Le colonialisme à la Une
Pour le pouvoir, pour les grands médias, il y a des fêtes acceptables, comme la victoire de la France à la Coupe du monde de 2018, qui avait pourtant donné lieu à 292 interpellations. Et il y a des fêtes intolérables, car elles sont le fait de Franco-algérienEs. Et dans les deux cas, une police qui réprime la joie des catégories populaires, et qui cible au faciès. Et, quand certains journalistes voient d’un bon œil la mobilisation populaire, c’est pour se féliciter du succès de la francophonie, comme dimanche soir sur BFM-TV !
On est au cœur du traitement colonial des populations immigrées et de leur descendance. Celui-ci est attisé par les propos d’élus de droite et du RN, qui nient continuellement l’existence d’un pays multiculturel, et d’une histoire qui transcende les frontières. Or, ce que révèlent les scènes de liesse populaire, c’est le besoin de reconnaissance des identités multiples. Et la réponse cinglante de Riyad Mahrez, qui a marqué un but décisif pour l’Algérie, à un élu du RN (voir « No comment ») illustre que les questions politiques se sont invitées dans la CAN : « Le coup franc était pour toi. On est ensemble. » Mahrez est un joueur binational, comme la moitié de l’équipe d’Algérie. Cette victoire est aussi celle de la jeunesse contre les racistes.
Les stades contre le pouvoir
Quelques heures plus tard, les joueurs de foot ont également repris des slogans de la mobilisation algérienne contre le pouvoir. Il faut dire qu’en Algérie, les scènes de liesse populaire pour la victoire de l’équipe nationale sont très liées aux manifestations du vendredi, qui ont puisé une bonne part de leur organisation, de leur dimension culturelle et de leur dynamique dans les stades. La chanson La Casa del Mouradia, dénonçant les conditions de vie et le régime, est née dans les tribunes des supporters.

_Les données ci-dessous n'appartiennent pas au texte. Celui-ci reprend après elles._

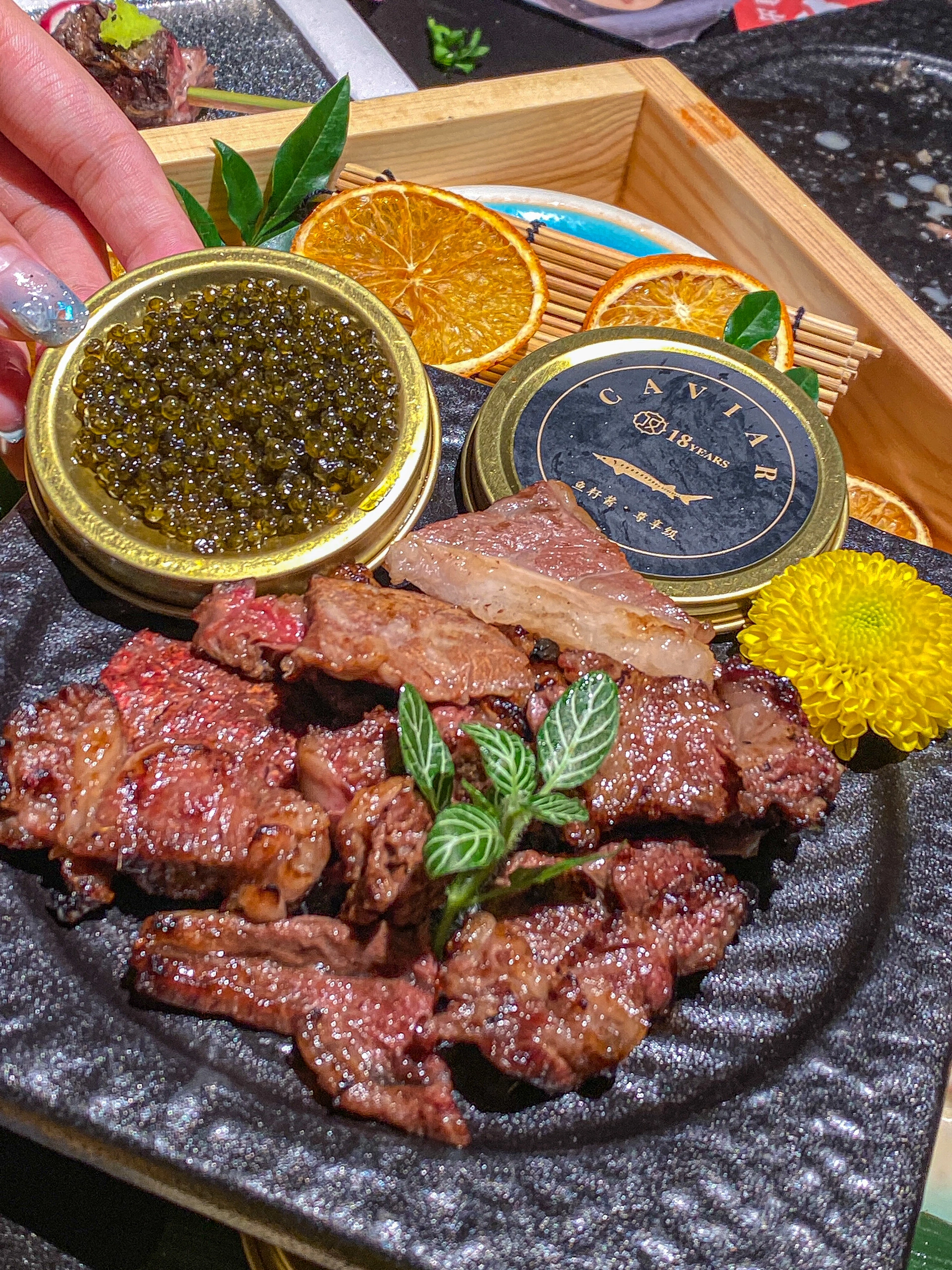 深圳：人均 100-150 和牛烤肉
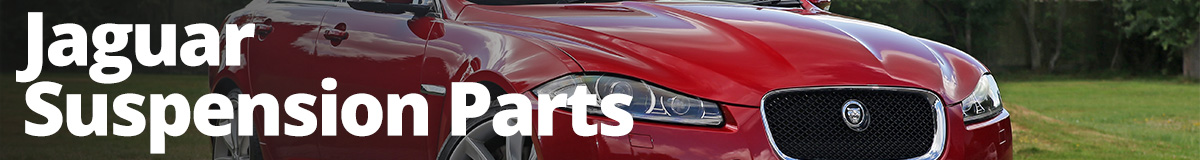 Jaguar Suspension Parts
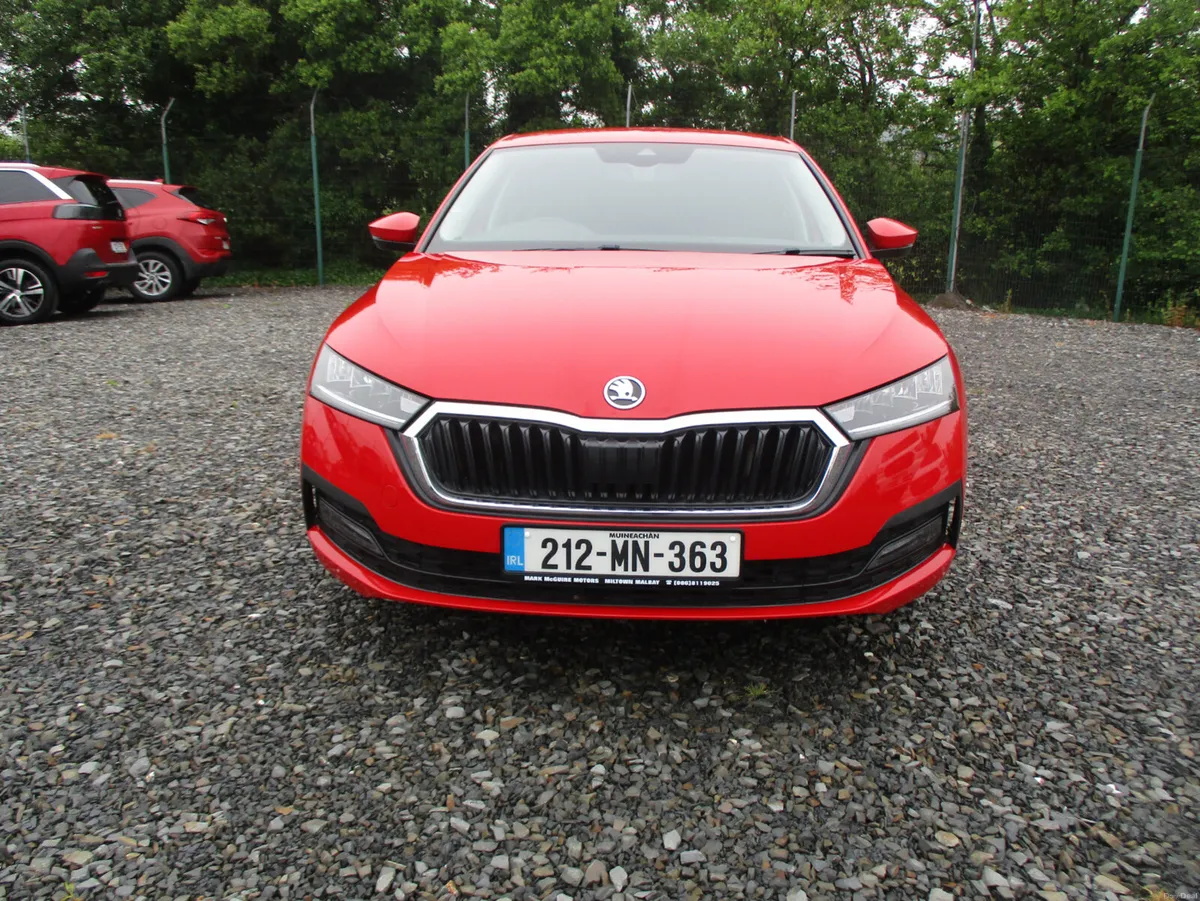 Skoda Octavia 2021 2.0TDI 115BHP AMBITION - Image 5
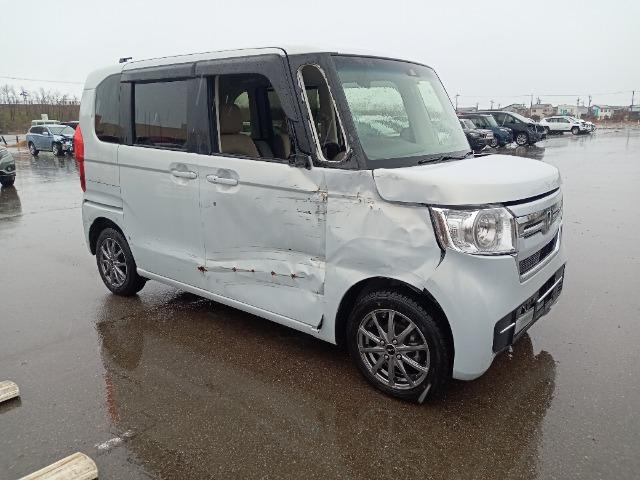 At point of purchase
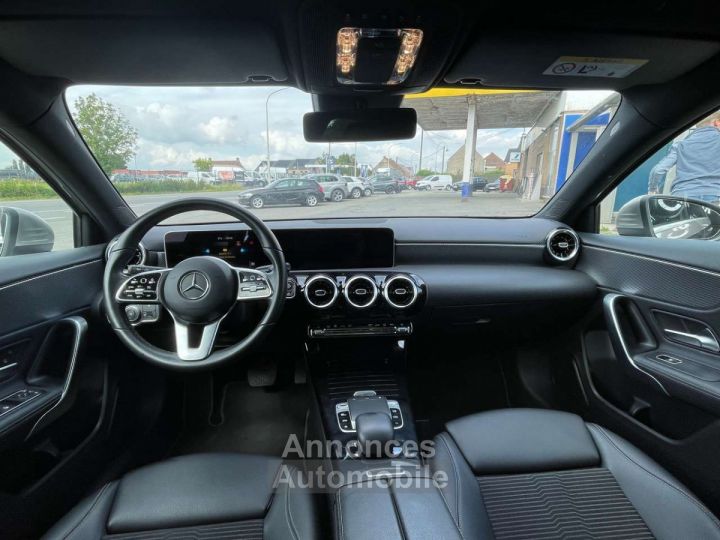 Mercedes Classe A 180 d-Modèle 2020-69.000 km-Caméra de recul - 9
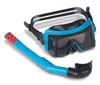 Tri-view Adult/Youth Mask and Snorkel Set 9925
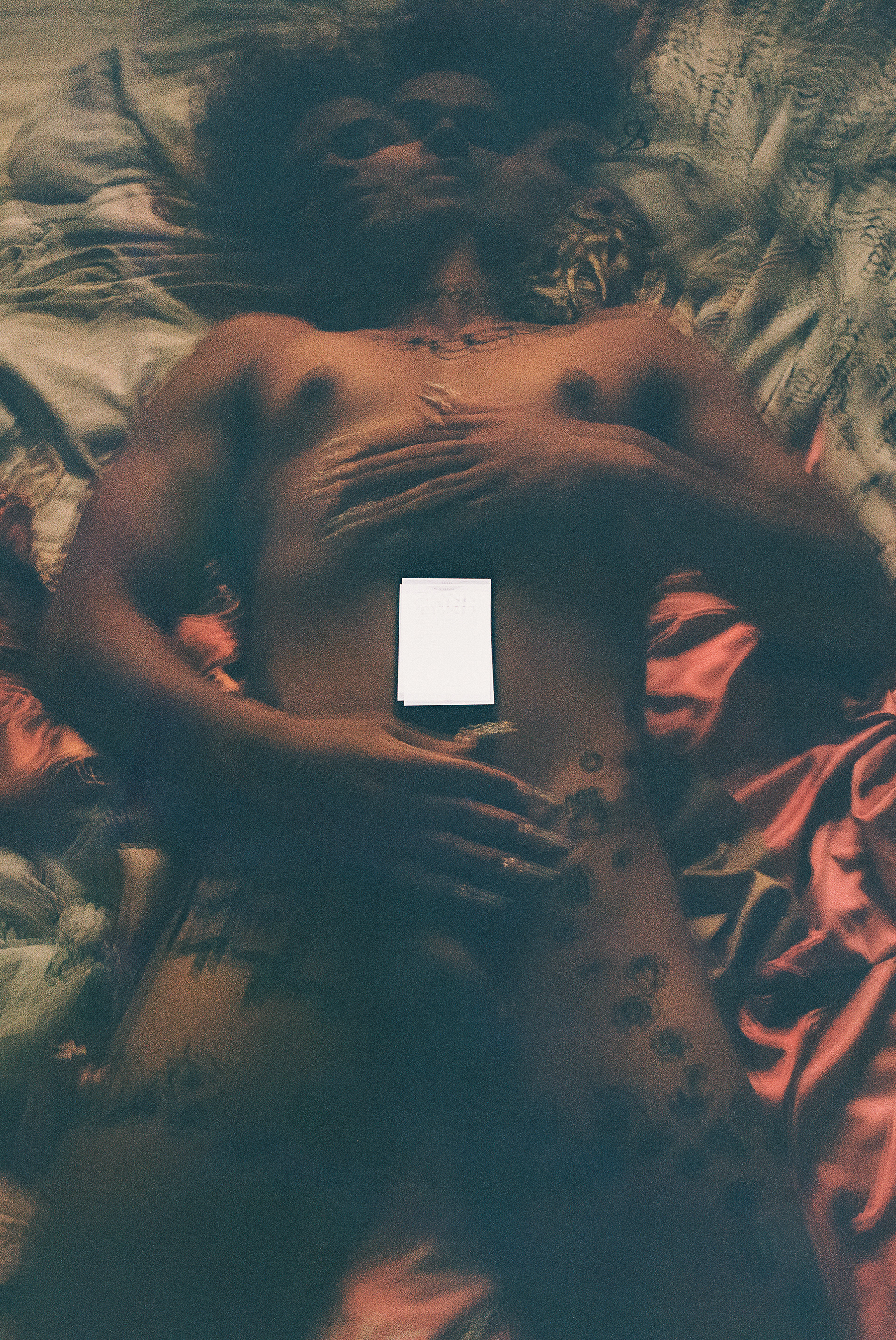 Fyre for The Erotic Project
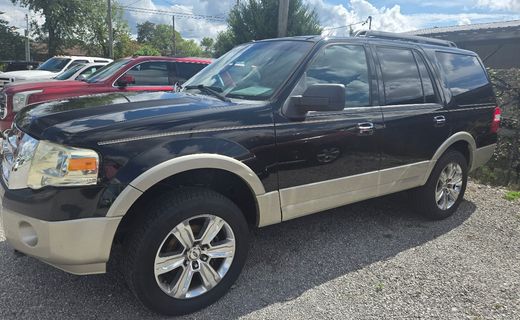 2009 Ford Expedition Eddie Bauer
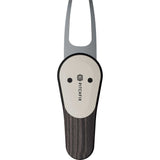 Pitchfix Woodie with Ball Marker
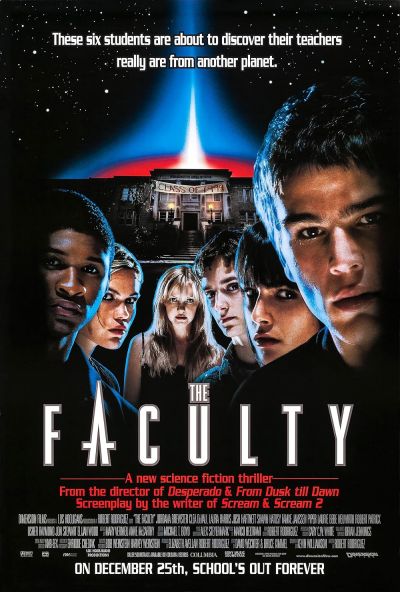 watch-The Faculty (1998)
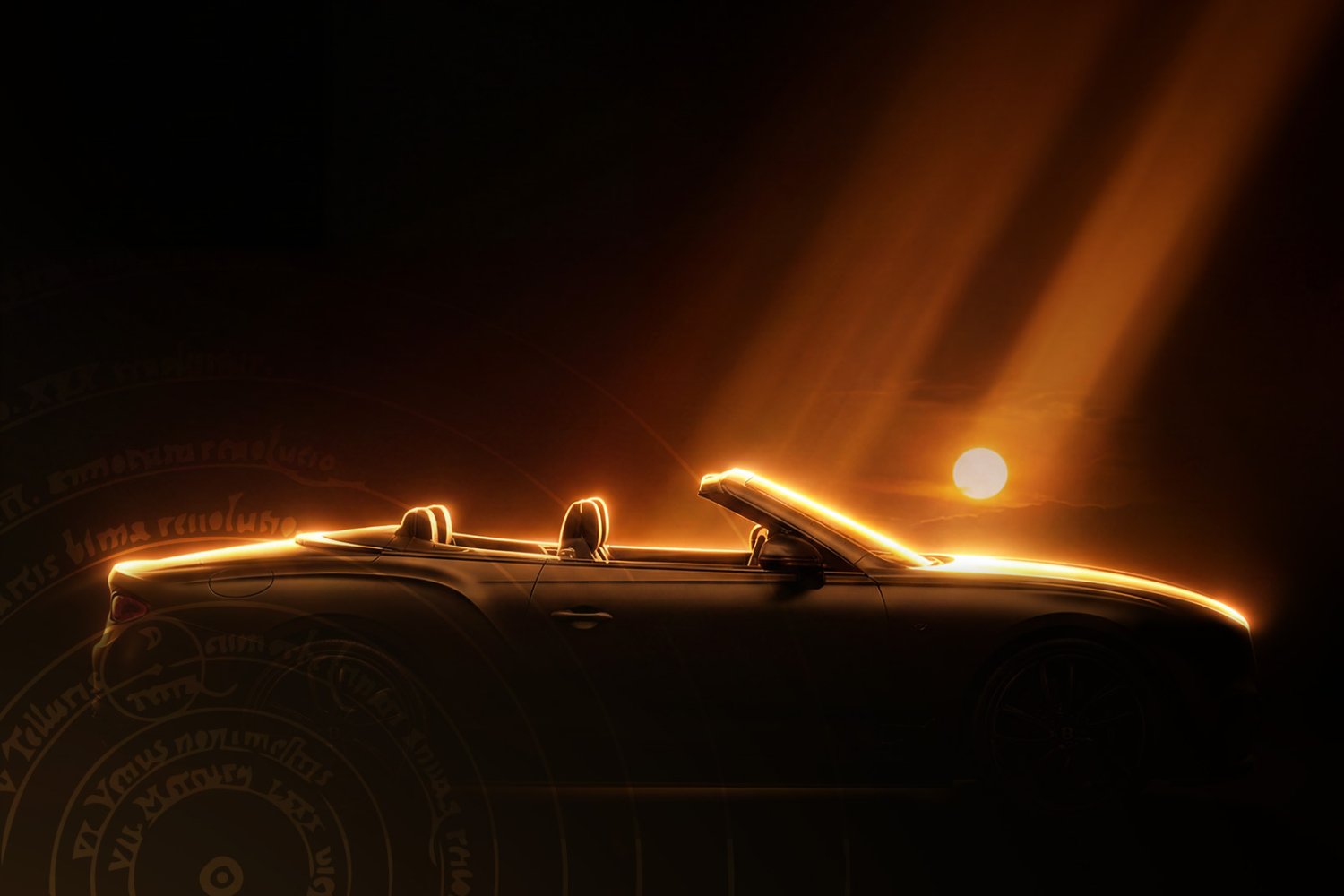 Bentley Copernicus Collection Bentley Copernicus Collection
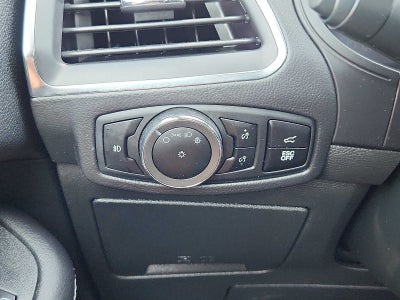 2024 Ford Edge ST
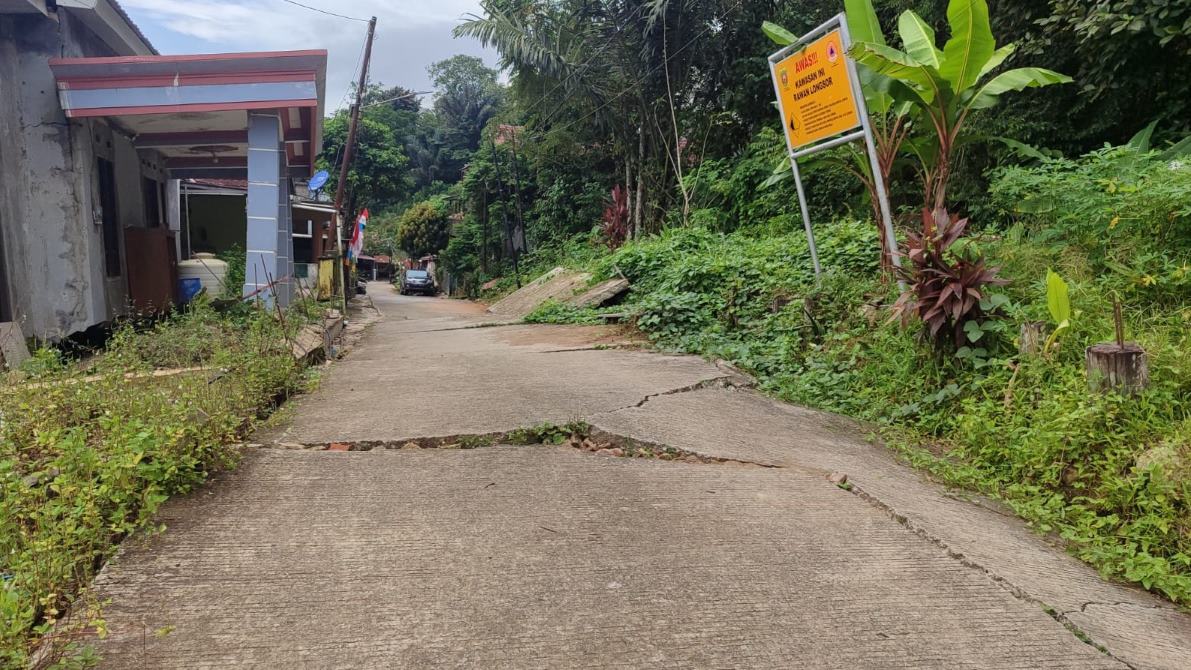 Longsor Paling Dominan, BPBD Samarinda Catat 318 Bencana Sepanjang 2025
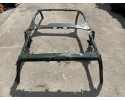 Techo rígido Sahara para Jeep Wrangler JL con parabrisas y marco, códi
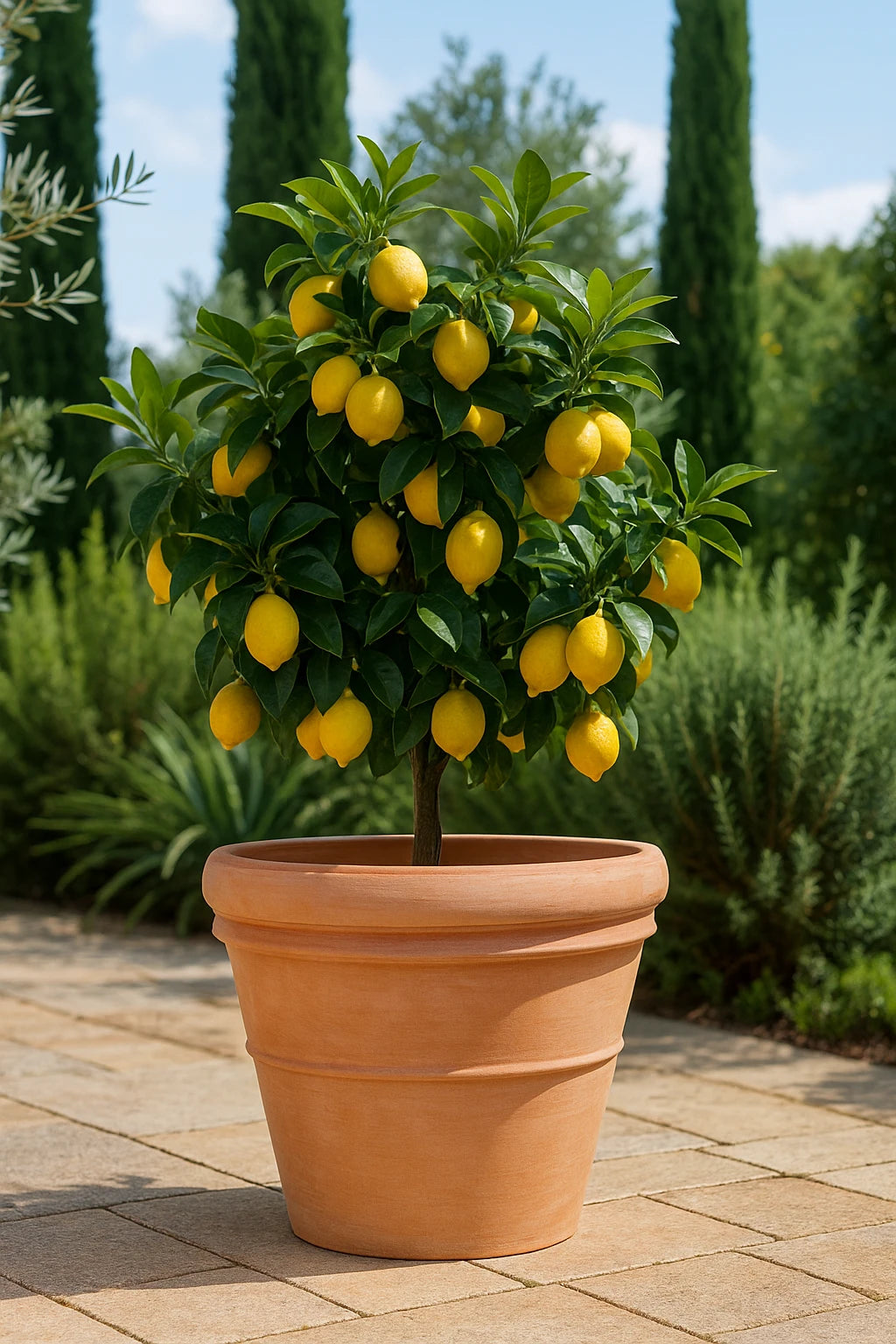 Bacs et Jardinières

Alors que dans les pays impérialistes, les grandes messes du sport sont souvent le lieu du déchainement nationaliste et de l’intolérance, dans les pays dominés et où les libertés démocratiques sont limitées, les masses se saisissent fréquemment du sport pour contester le pouvoir. Les performances des joueurs font alors plus écho au potentiel d’une jeunesse capable de transformer la société, mais qui pour cela a besoin de renverser le capitalisme en France comme en Algérie.